Thursday, May 31, 2007

may 31, 2007

dear friend,

today i finally had time to sit down and read the perks of being a wallflower. it's cristy's copy. all her favorite parts are bracketed in black ink and have little comments like "aww" or ":)" and sometimes ":(" they're not necessarily long passages or quotable quotes. some of them are just words or phrases that jump out at you and make you think. make you smile. make you nod your head in some type of acknowledgment of a shared experience.

here are some of things she bracketed which saved me time from doing it myself:

- we accept the love we think we deserve.
- if he didn't leave, it would never be his life. it would be theirs.
- i want to make sure that the first person you kiss loves you.

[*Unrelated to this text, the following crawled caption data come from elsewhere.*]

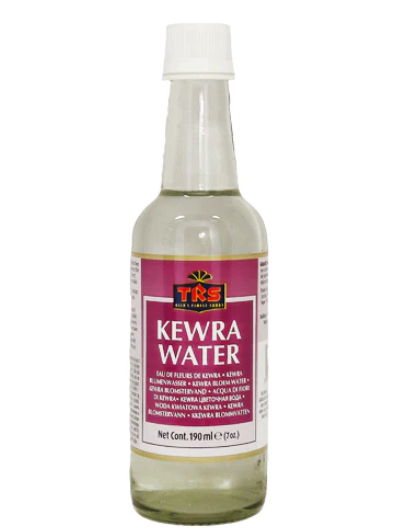 KEWRA WATER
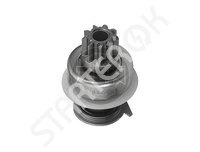 Freewheel Gear Drive starter 0229 ZEN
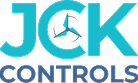 JCK Controls Pte Ltd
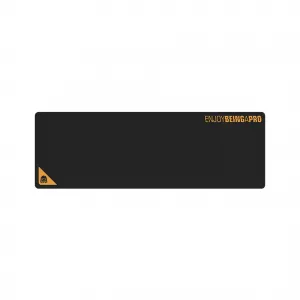 DIGITAL ALLIANCE MOUSEPAD CARBON MP930 90X30 CM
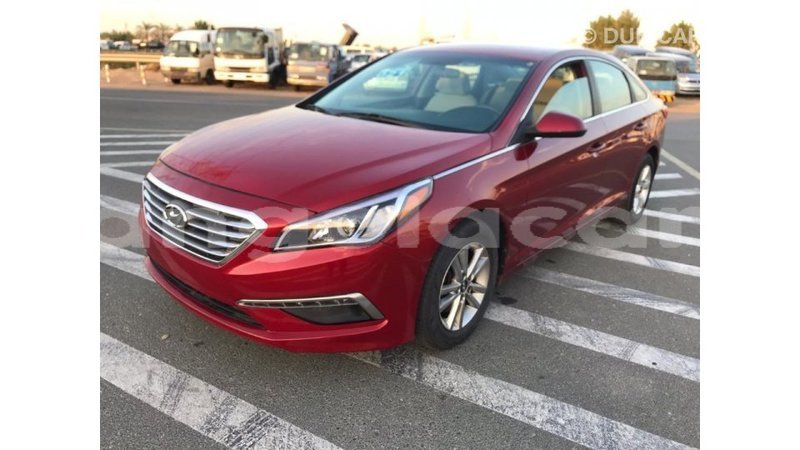 Big with watermark hyundai sonata bengo province import dubai 4801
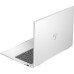 HP Elite x360 830 G11 U5-125U/16GB/1TB/13.3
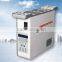 Computerized Lockstitch Straight Button Hole Sewing Machine ATR-781D AUTOMATIC INDUSTRIAL SEWING MACHINE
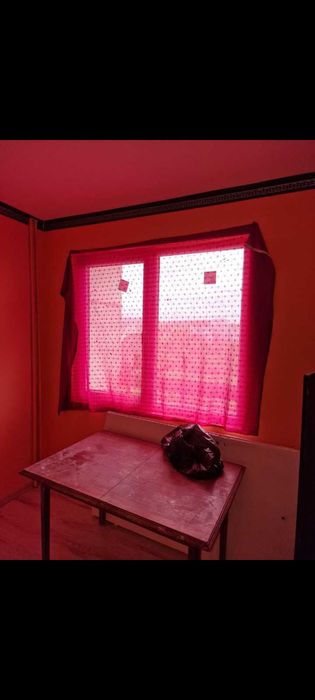 3 стаен Апартамент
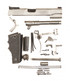 Kimber Target Elite II Semi-auto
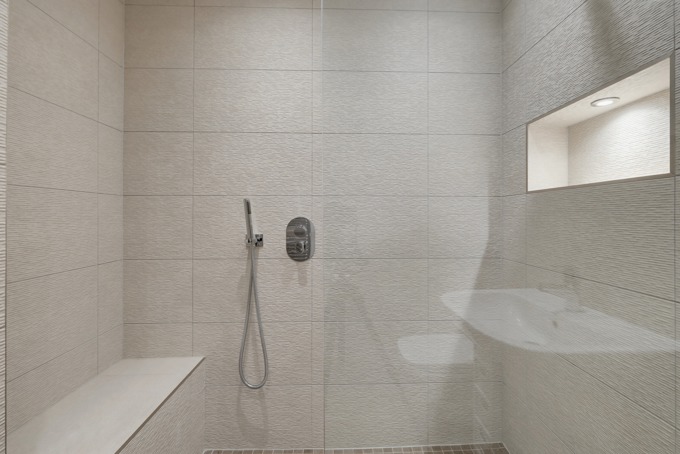 66 Landale Court_1340.jpg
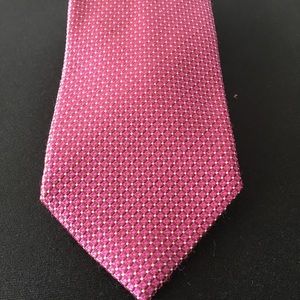 Hugo Boss Tie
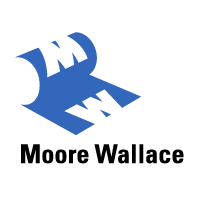 Moore Wallace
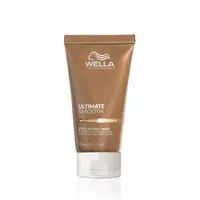 Wella Ultimate Smooth Mask 75 ml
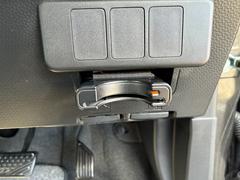 ��������μ���¿�����ꡢ���֤򸫤ʤ��Ǥ���������뤪���ͤΤ��԰¤�������ݤǤ���褦�ˤ����⤵����ĺ���ޤ��� 6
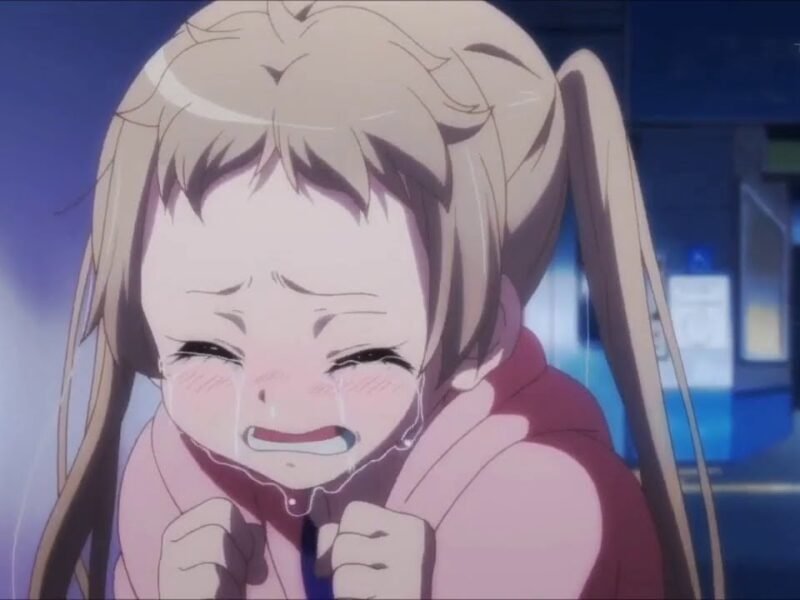 Pink Pineapple retrasa Doukyuusei Remake el Animation y Kisaku Reiwa Edition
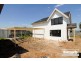 3B Ti Tree Drive, Doveton VIC 3177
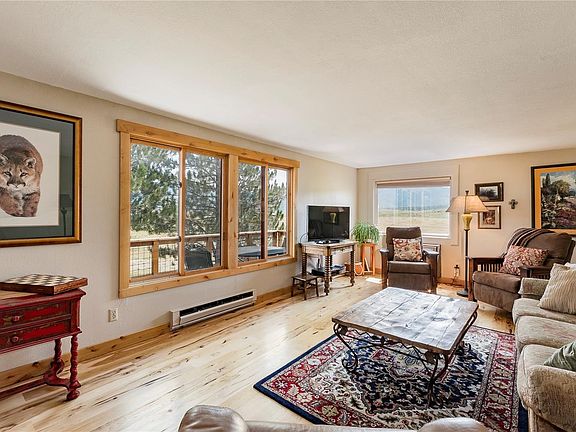 4th image of 30355 County Road 14c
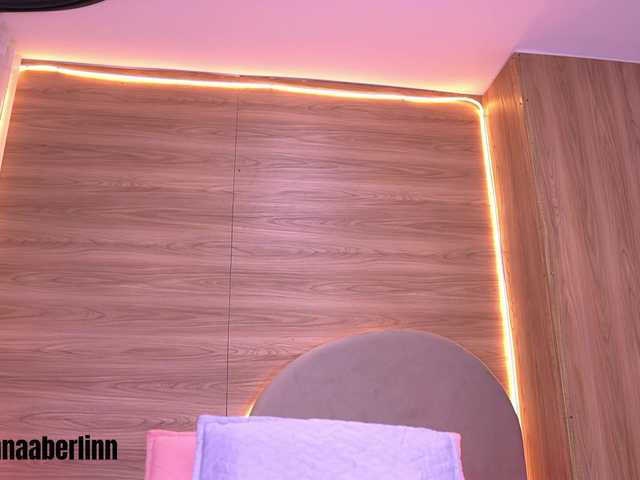 sexy-danna live cam on BongaCams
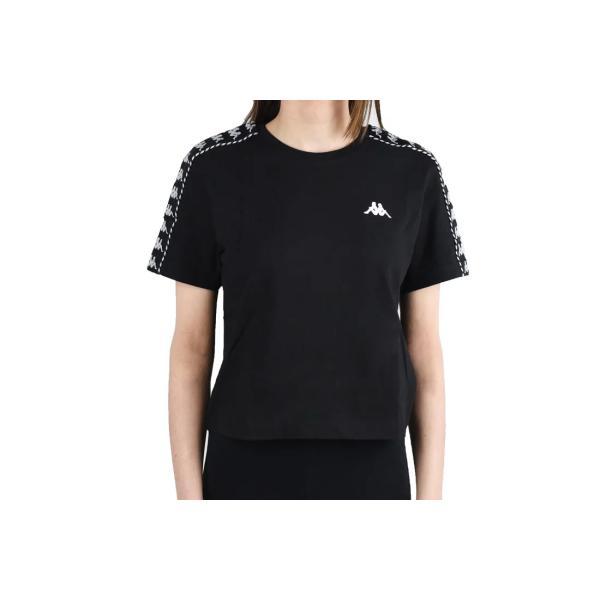 Kappa Inula T-Shirt 309090-19-4006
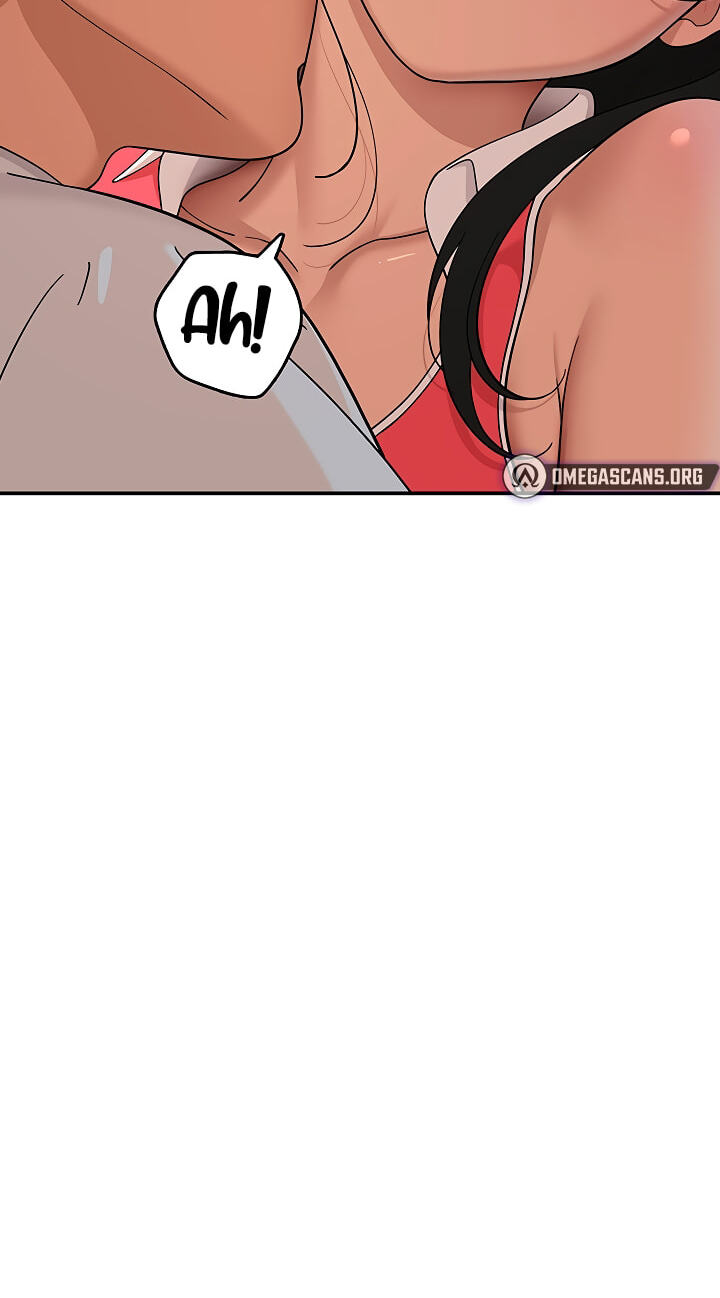 A well-behaved cat Chapter 9 page 81 - 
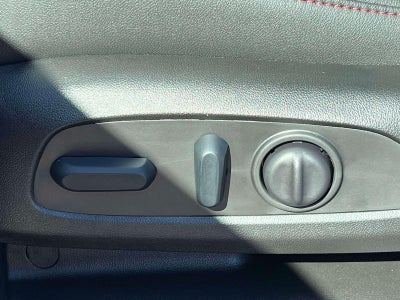 2025 Chevrolet Blazer AWD RS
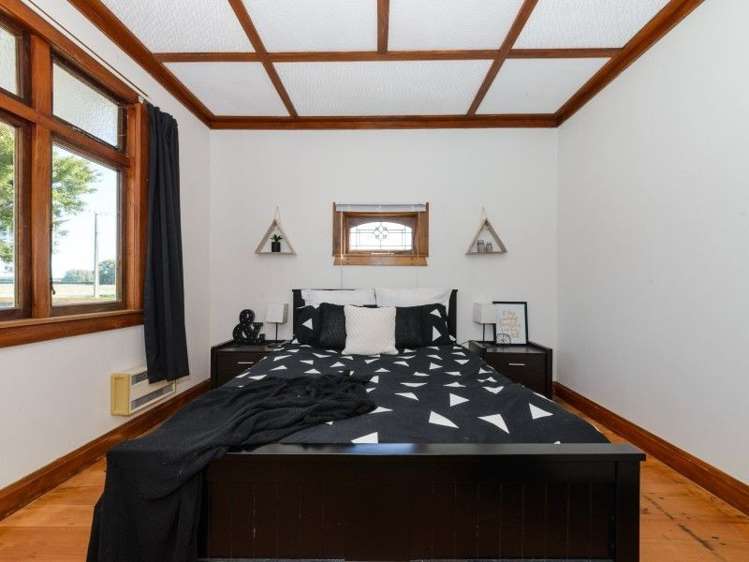 1586 State Highway 3 Awahuri_7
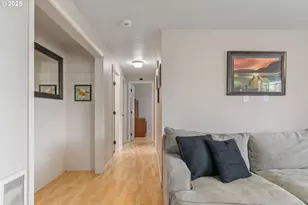 1310 W Quinalt St, Springfield, OR 97477 - Photo 15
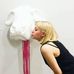 Bethany Capps - Facebook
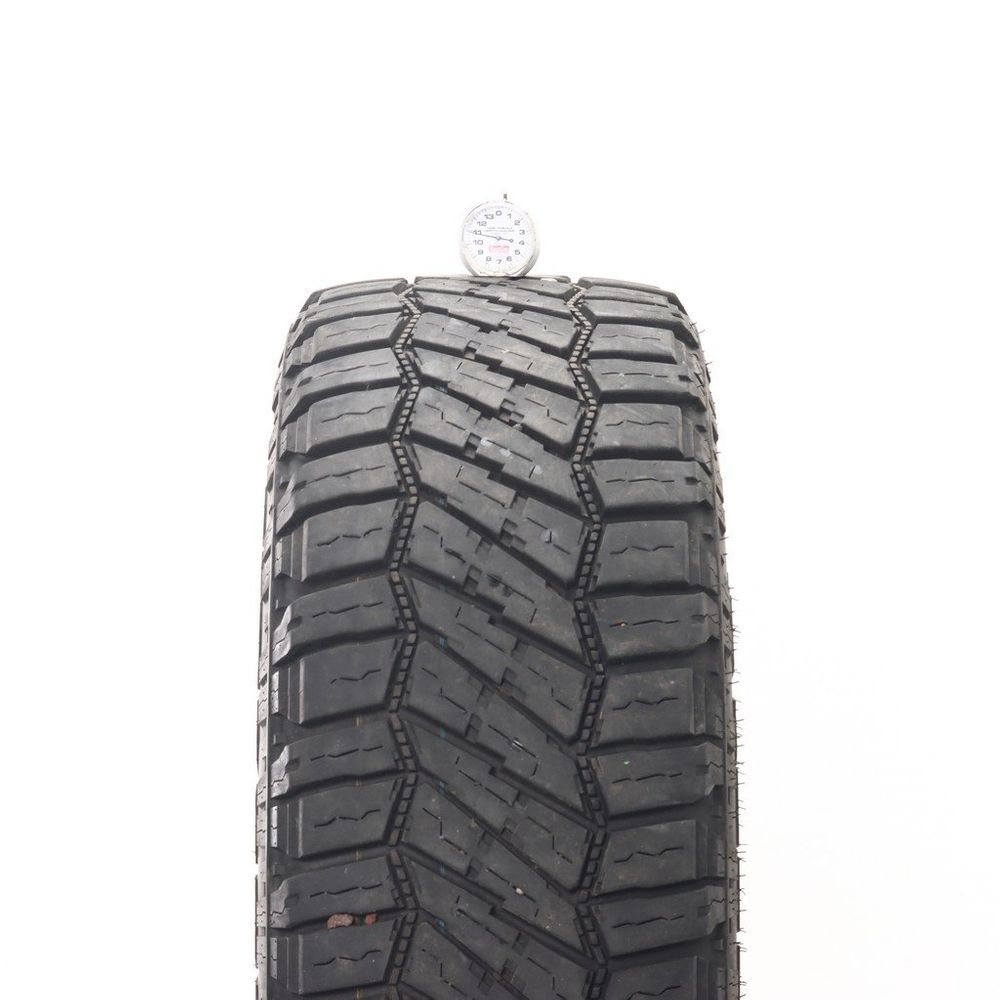 Used LT 265/60R20 Milestar Patagonia X/T 121/118Q E - 10.5/32 - Image 2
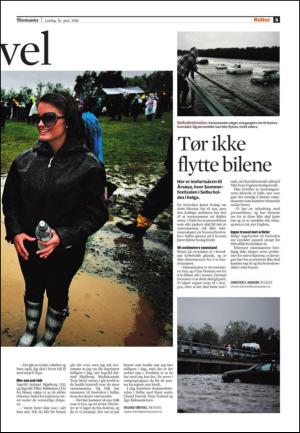 adresseavisen_kul-20100619_000_00_00_005.pdf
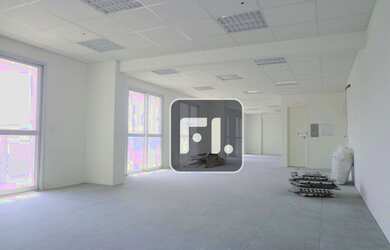 Imagem 13: Conjunto, 134 m² - venda por R$ 1.570.000,00 ou aluguel por R$ 7.850,01/mês...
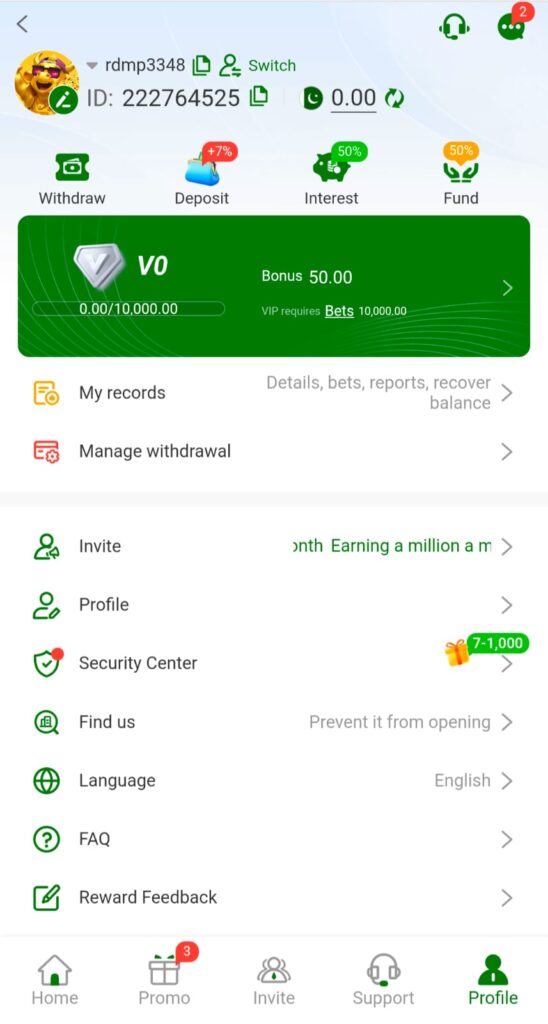 786 fun game apk
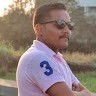 Yogesh Dadas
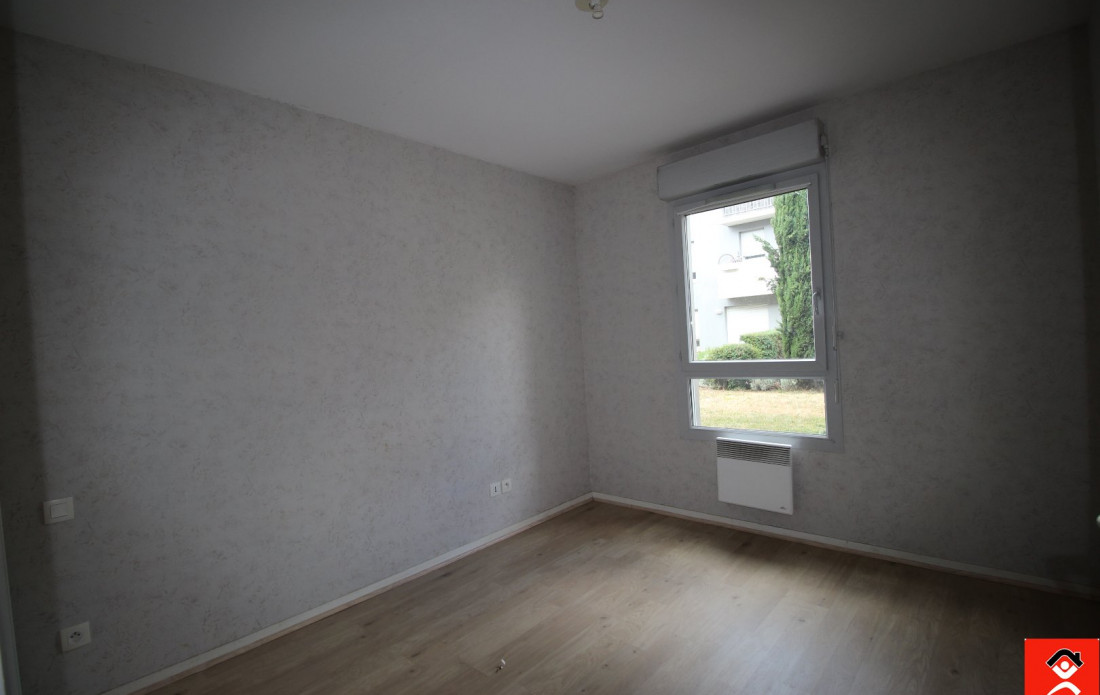 vente Appartement Toulouse - Photo 2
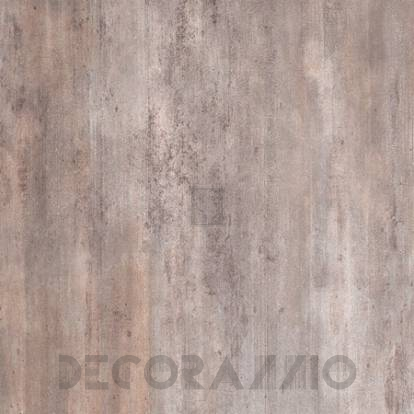 Напольная плитка Refin Ceramiche Eco-Logic - GH62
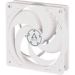 Obrázok pre výrobcu ARCTIC P12 PWM PST ventilátor 120mm / PWM / PST / bílý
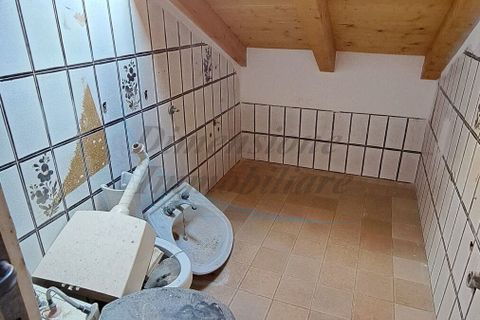 Lejlighed i Rosignano Marittimo, Livorno, Rosignano Marittimo - € 110.000 | Ref: 1722 - foto 6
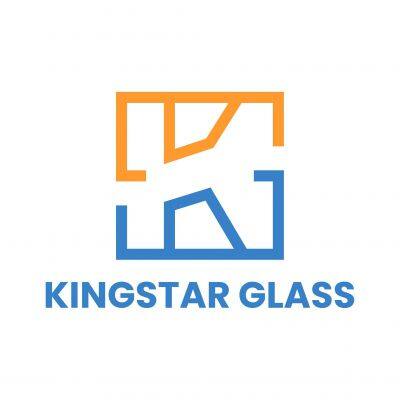 Qingdao Kingstar Glass Co., Ltd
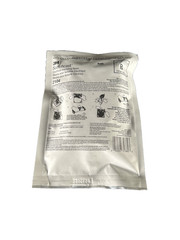 🔥1 Unit ~ 3M Scotchcast 2104B Resin Kit 7.40 oz🔥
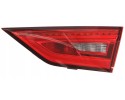 REAR RIGHT LAMP AUDI A3 8V 2012 2016 CONVERTIBLE SEDAN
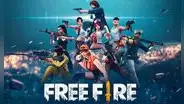 Free Fire: los códigos de hoy, martes 12 de abril, para obtener premios y artículos gratis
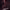 https://res.cloudinary.com/billionhands/image/upload/v1779870244/items/pgpjcbnetvnzzwfx5jkt.jpg-2cover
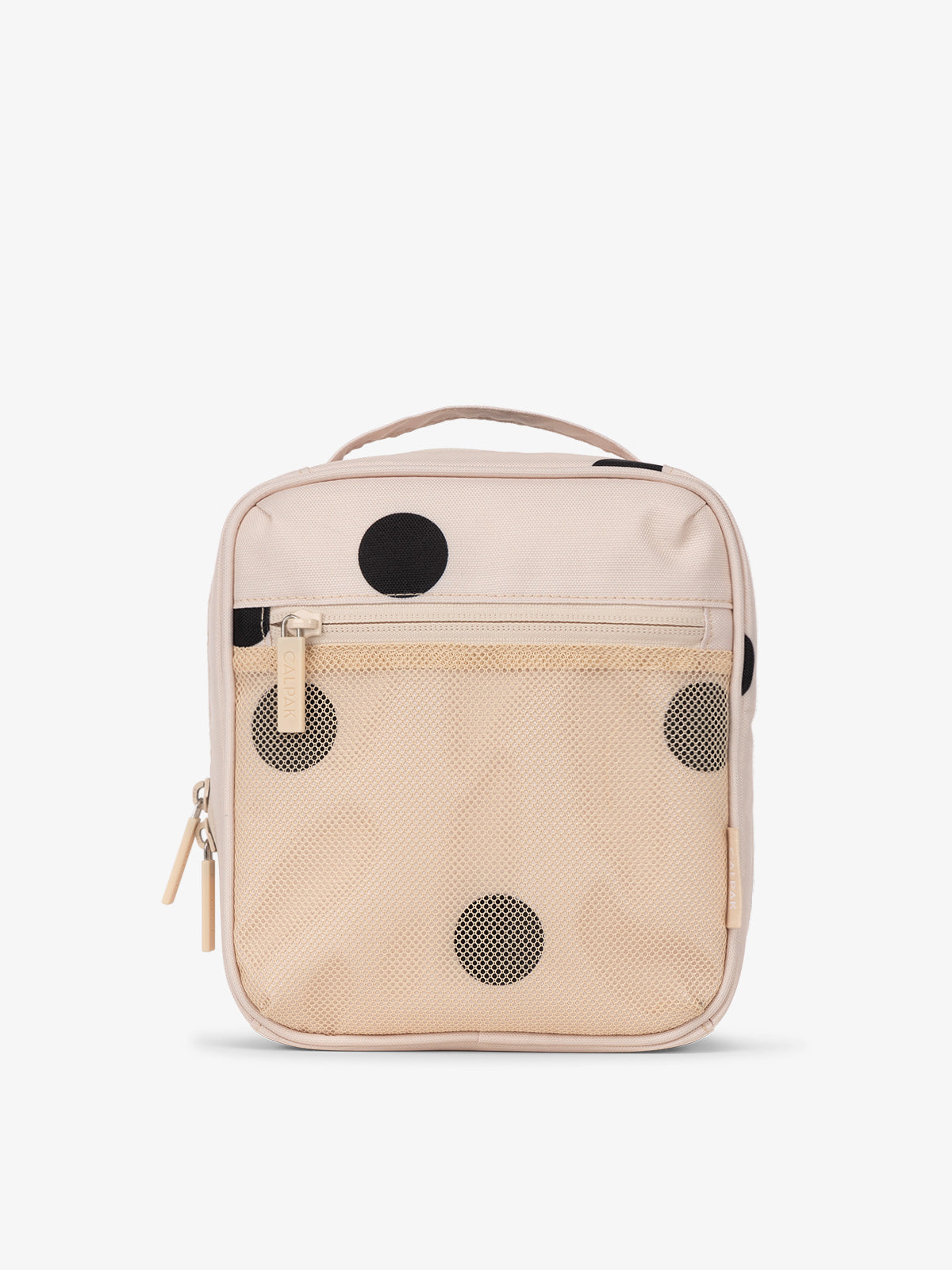 THE-EVERYTHING-CUBE-FRONT-POLKA-DOT.jpg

the last one was bracketed, awww'ed, and unhappy-faced.

it's cute and kind of like her own way of participating with the book.

i like how the main character's name is charlie. i don't know why i like that name so much.

if you haven't read the book, it's about growing up and the angst of adolescence, friendships that make you feel infinite, and the quirks of a loving family. there are also bits about sex, drugs, and alcohol. check, check, checkity, check. kidding? i wish there were someone like Bill to encourage me to write an essay about the book and to tell me that i'm special. but i graduated from college 1.5 weeks ago and probably will never have to write an essay ever again.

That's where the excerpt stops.